• [Task requirements] Write out the entries below exactly, but only from the line containing "Hikers climbing the" through the line containing "BMW 3-SERIE Touring", and without the pictures.

+++ Input

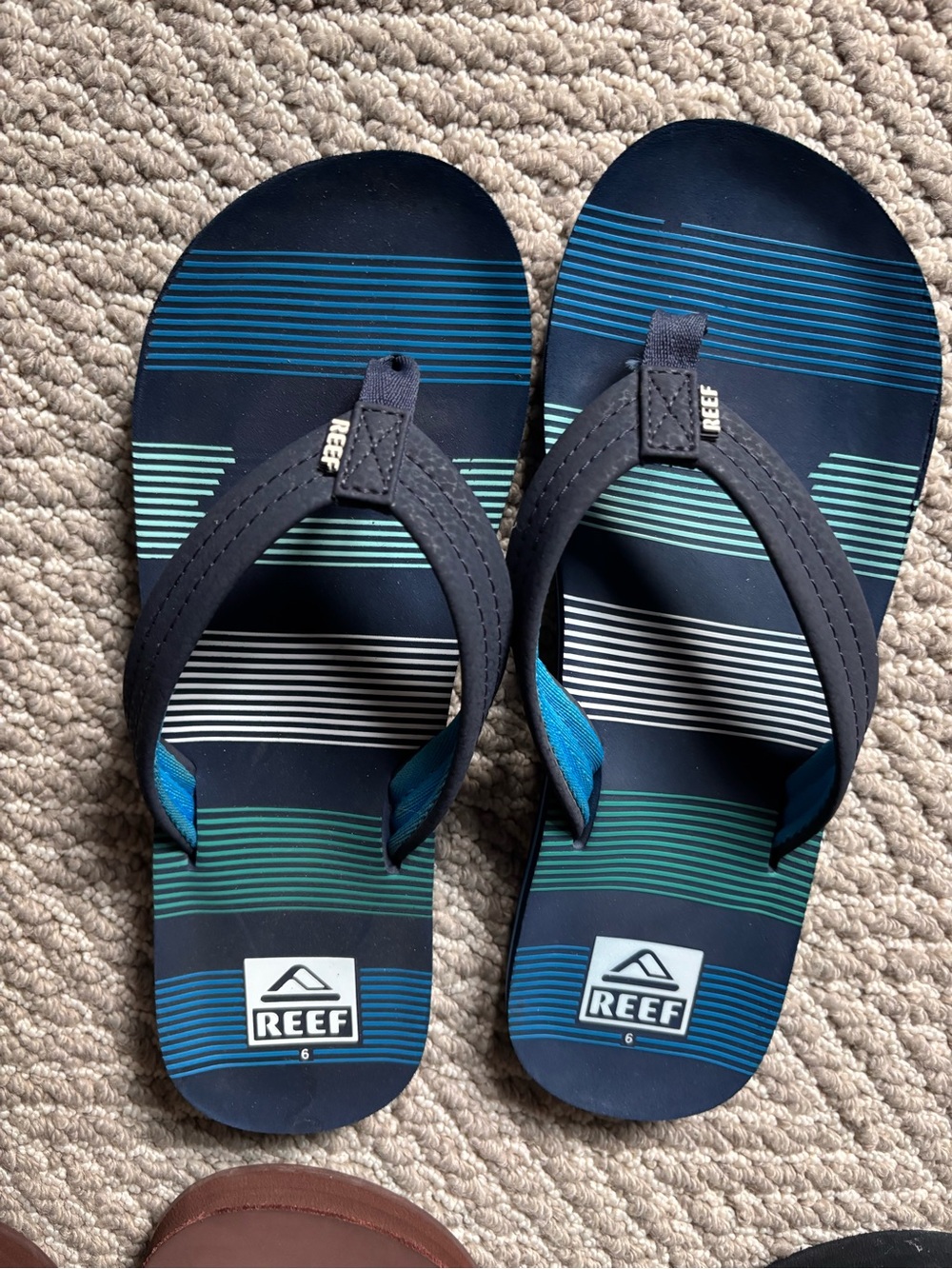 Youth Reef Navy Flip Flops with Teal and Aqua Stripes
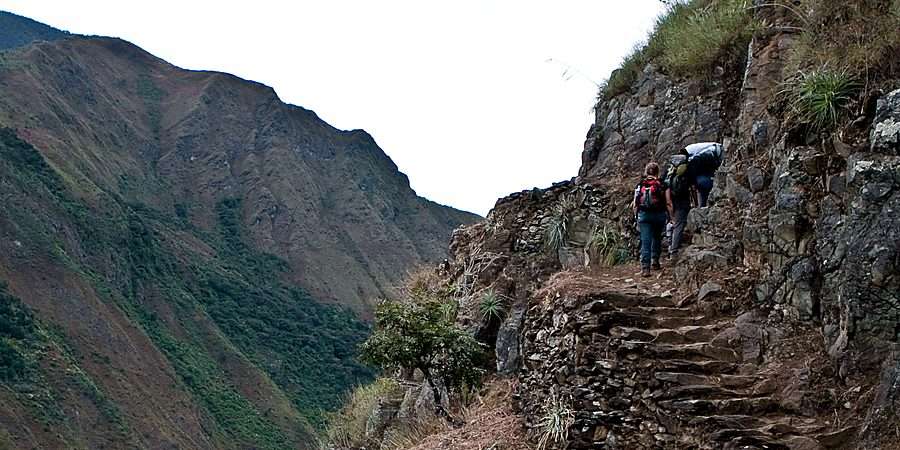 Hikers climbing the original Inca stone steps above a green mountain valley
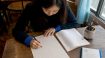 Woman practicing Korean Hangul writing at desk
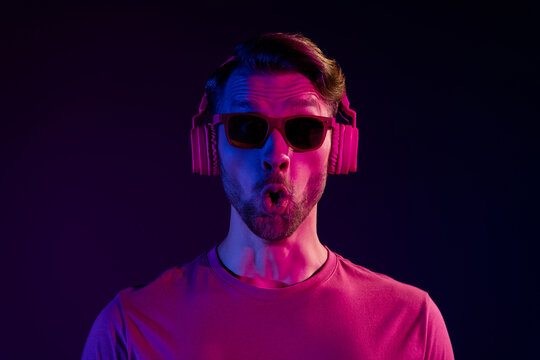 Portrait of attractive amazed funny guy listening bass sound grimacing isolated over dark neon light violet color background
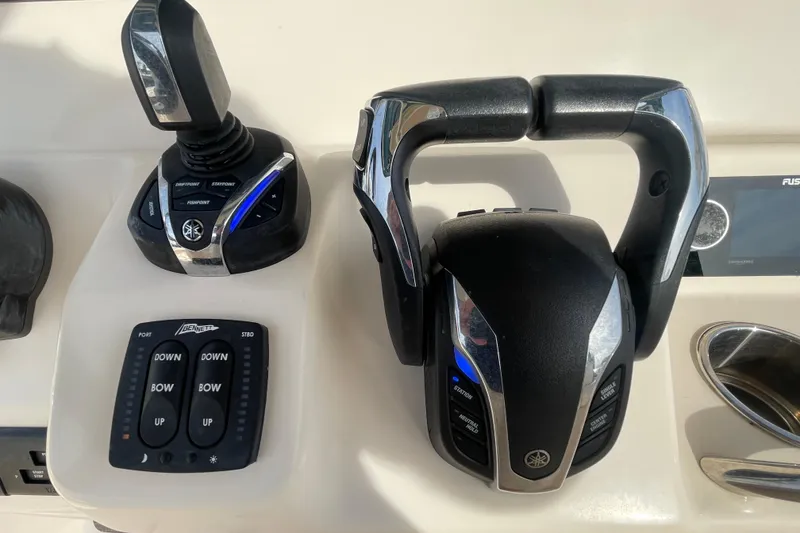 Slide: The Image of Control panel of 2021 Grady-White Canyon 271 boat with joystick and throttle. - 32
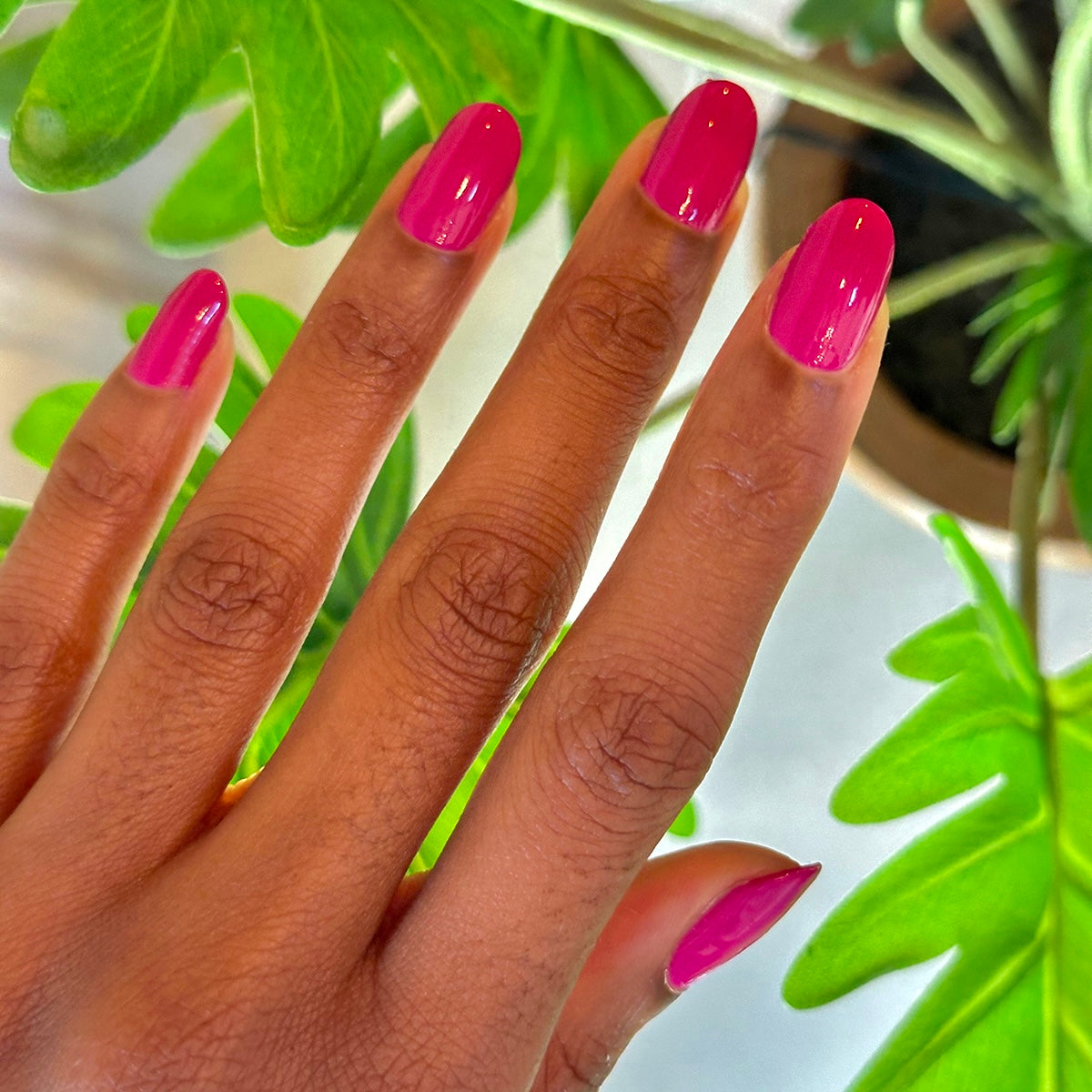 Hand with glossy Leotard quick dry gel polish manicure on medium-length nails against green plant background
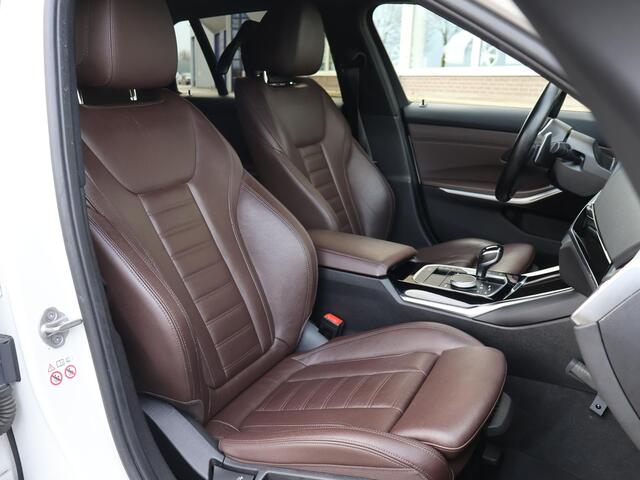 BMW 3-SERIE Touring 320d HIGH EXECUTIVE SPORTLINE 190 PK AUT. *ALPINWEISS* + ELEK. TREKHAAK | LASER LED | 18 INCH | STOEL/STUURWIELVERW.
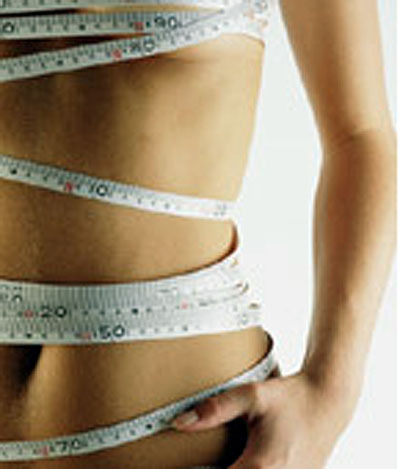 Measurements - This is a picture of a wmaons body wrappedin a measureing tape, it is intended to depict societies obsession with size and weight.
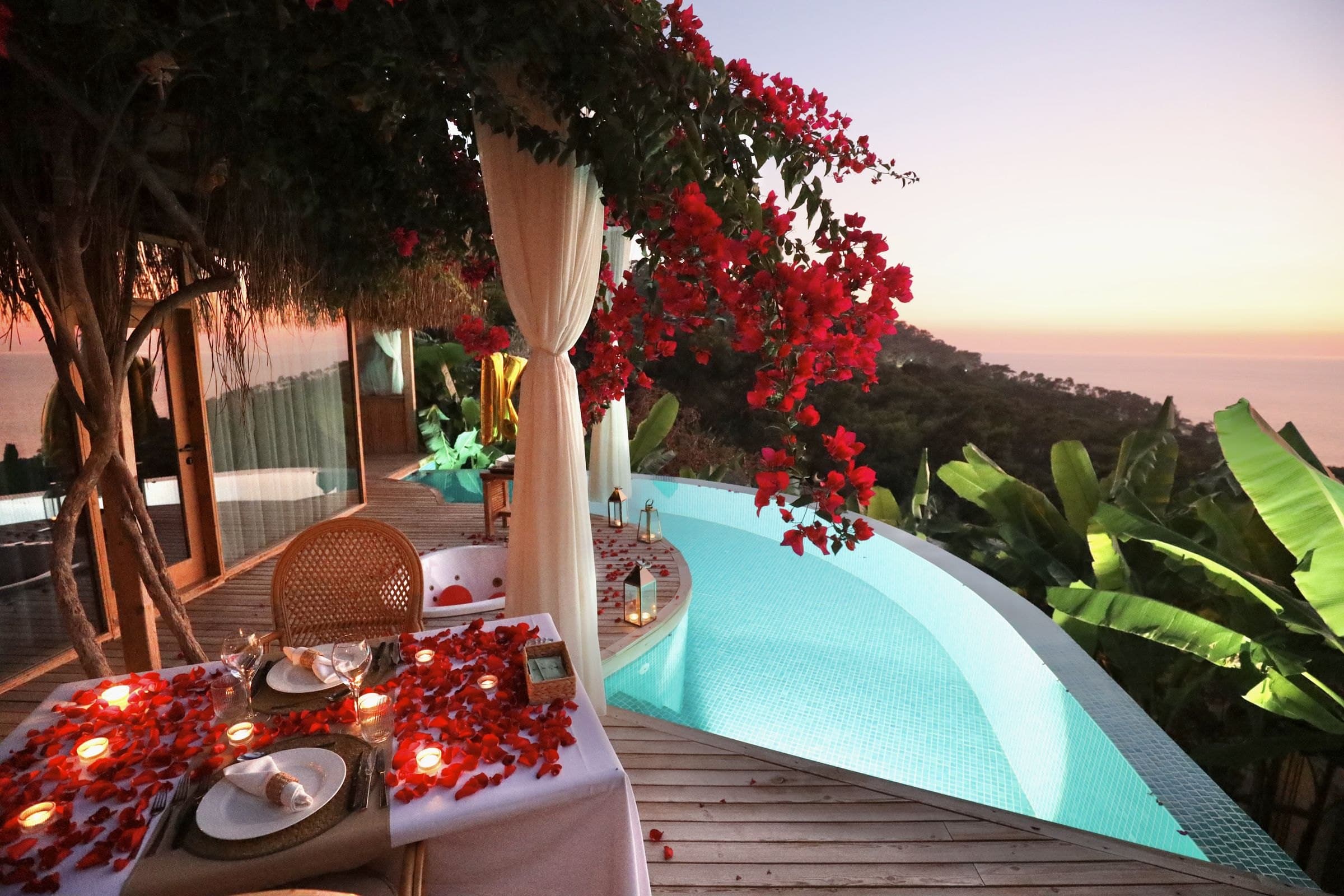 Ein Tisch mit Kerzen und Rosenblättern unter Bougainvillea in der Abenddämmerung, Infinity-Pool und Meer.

++++++

• [Your solution]
 Hikers climbing the original Inca stone steps above a green mountain valley
 Woman practicing Korean Hangul writing at desk
 Portrait of attractive amazed funny guy listening bass sound grimacing isolated over dark neon light violet color background
 Slide: The Image of Control panel of 2021 Grady-White Canyon 271 boat with joystick and throttle. - 32
 Hand with glossy Leotard quick dry gel polish manicure on medium-length nails against green plant background
 BMW 3-SERIE Touring 320d HIGH EXECUTIVE SPORTLINE 190 PK AUT. *ALPINWEISS* + ELEK. TREKHAAK | LASER LED | 18 INCH | STOEL/STUURWIELVERW.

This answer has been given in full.